Hedge fund managers are piling into short positions in ESG stocks as they hunt for bogus green claims and valuations inflated by record stimulus.
Bloated prices can be found “all over ESG,” according to Soren Aandahl, the founder and chief investment officer of Texas-based Blue Orca Capital LLC. He says he didn’t set out to target ESG but, here and now, the “great shorts just happen to be in the ESG space.”
There’s “so much capital chasing” ESG assets, but there are “so few good ideas,” Aandahl said in an interview. He argues that using short positions to expose bad bets “will actually make a positive difference for the earth and environment.”
Companies making environmental, social and governance claims are bumping up against an increasingly skeptical wall of investors looking for more than just lofty ESG talk. That’s as ESG and sustainability statements full of hard-to-quantify language become ubiquitous across the corporate landscape.
Regulators are racing to put in place frameworks that limit ESG hype, but the process is drawn out and hampered by legal challenges in the US. Hedge funds, meanwhile, may offer a faster route to exposing greenwashing.
Blue Orca rose to prominence in 2018 when its criticism of corporate governance at Samsonite International SA led to the resignation of the luggage maker’s chief executive officer. Announcements that it’s shorting a stock often get followed by flash selloffs.

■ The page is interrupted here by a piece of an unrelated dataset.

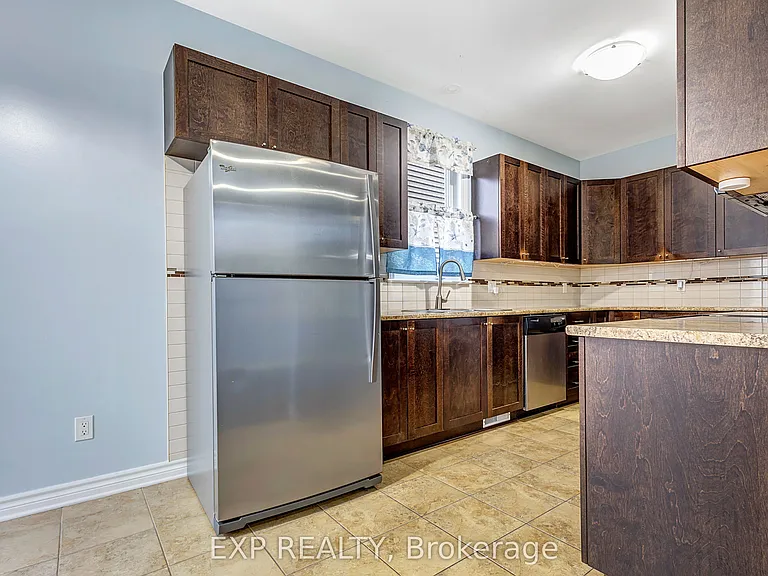 635 Moorpark Ave — Photo 9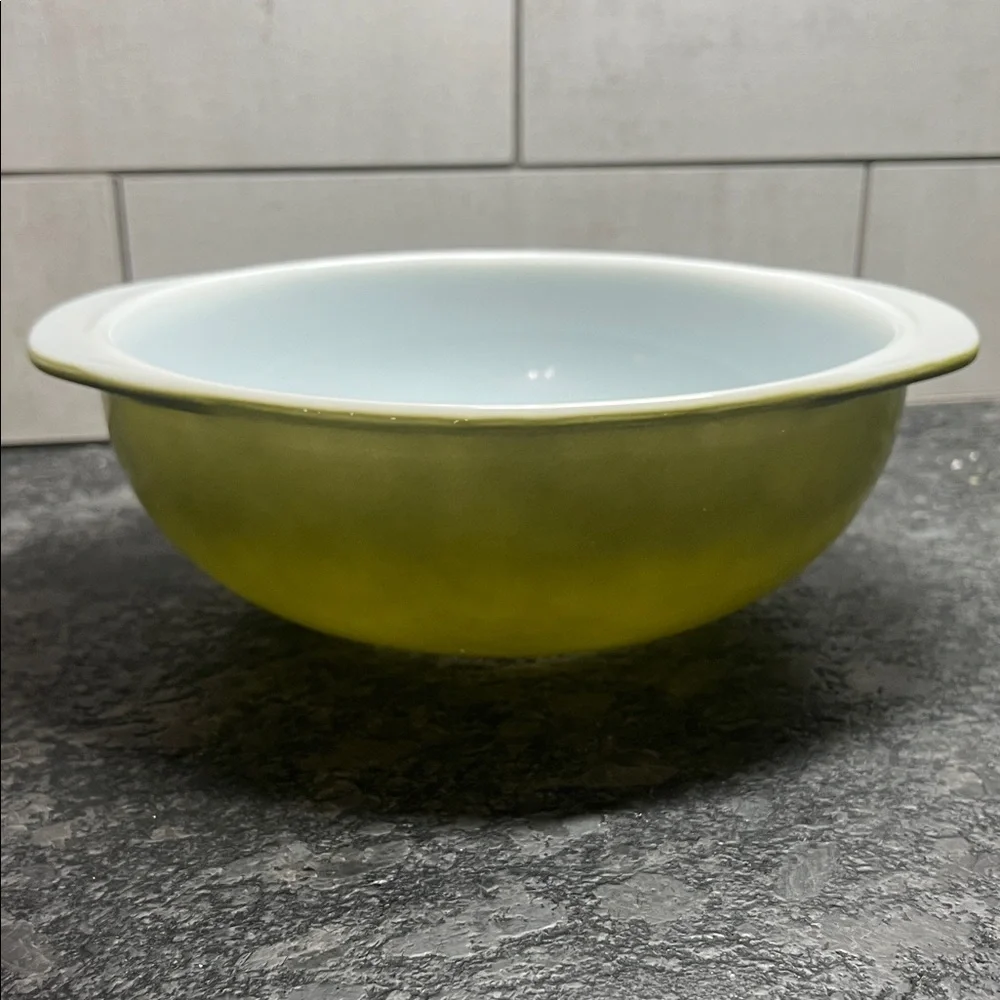 Vintage green Pyrex #024 mixing bowl with handles.  No chips or cracks. 2qt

Stocks currently being shorted by Blue Orca include Enviva Inc., a biomass fuel producer that has an ESG rating of “A” at MSCI. It’s down almost 90% this year, after suffering losses amid reported maintenance and operational issues.
Other shorts include Li-Cycle Holdings Corp., a battery recycling special purpose acquisition company whose market value is down about 20% this year as lithium and cobalt prices fall.
Aandahl is far from alone in shorting ESG stocks, as hedge funds zero in on companies that were supposed to benefit from climate stimulus packages such as the Inflation Reduction Act. Their short bets are turbo-charging a wider selloff in several categories of green stocks that are being pummeled by everything from higher interest rates to supply-chain bottlenecks.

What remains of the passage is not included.